South Wales Police admitted “no facial recognition system is 100% accurate” in a statement.
This is a bit of an understatement. There have been not one but several instances when false positives have vastly outnumbered true positives, including an Anthony Joshua fight where 46 fans were incorrectly identified and a Wales vs Australia rugby match where 43 fans were incorrectly identified.
"I think the false positive rates are disappointingly realistic," Martin Evison a forensic science professor at Northumbria University, told Wired.
"If you get a false positive match, you automatically make a suspect of somebody that is perfectly innocent."
There are also concerns about privacy, particularly as there is so little legal oversight regarding this type of technology. Big Brother Watch, a UK civil rights group, is in the process of planning a campaign against facial recognition, which they intend to bring to parliament later in the month.
"Not only is real-time facial recognition a threat to civil liberties, it is a dangerously inaccurate policing tool," the group tweeted.
However, others argue that this type of mass surveillance is needed to keep the public safe in crowded spaces.

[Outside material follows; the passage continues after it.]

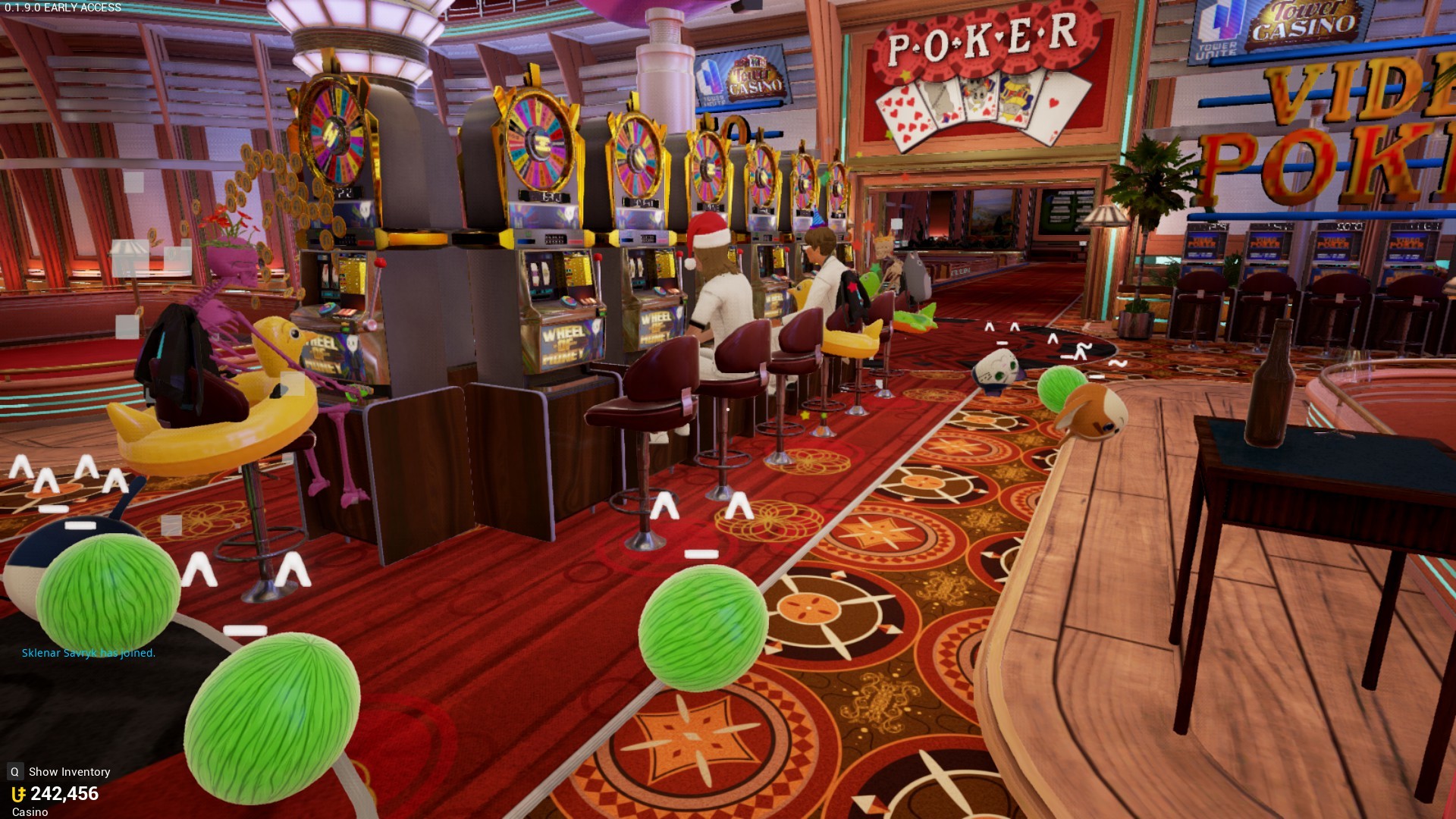 Casino simulator 78 casino зеркало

“We need to use technology when we’ve got tens of thousands of people in those crowds to protect everybody, and we are getting some great results from that,” Chief Constable Matt Jukes told the BBC.
“But we don’t take the use of it lightly and we are being really serious about making sure it is accurate.”
It hasn't been a total failure. South Wales Police claim it has helped catch and arrest 450 criminals, since it's launch in June 2017. They also say that no one has been wrongly arrested.
“With each deployment of the technology we have gained confidence in the technology and has enabled the developers at NEC to integrate our findings into their technology updates,” a spokesperson for South West Police explained.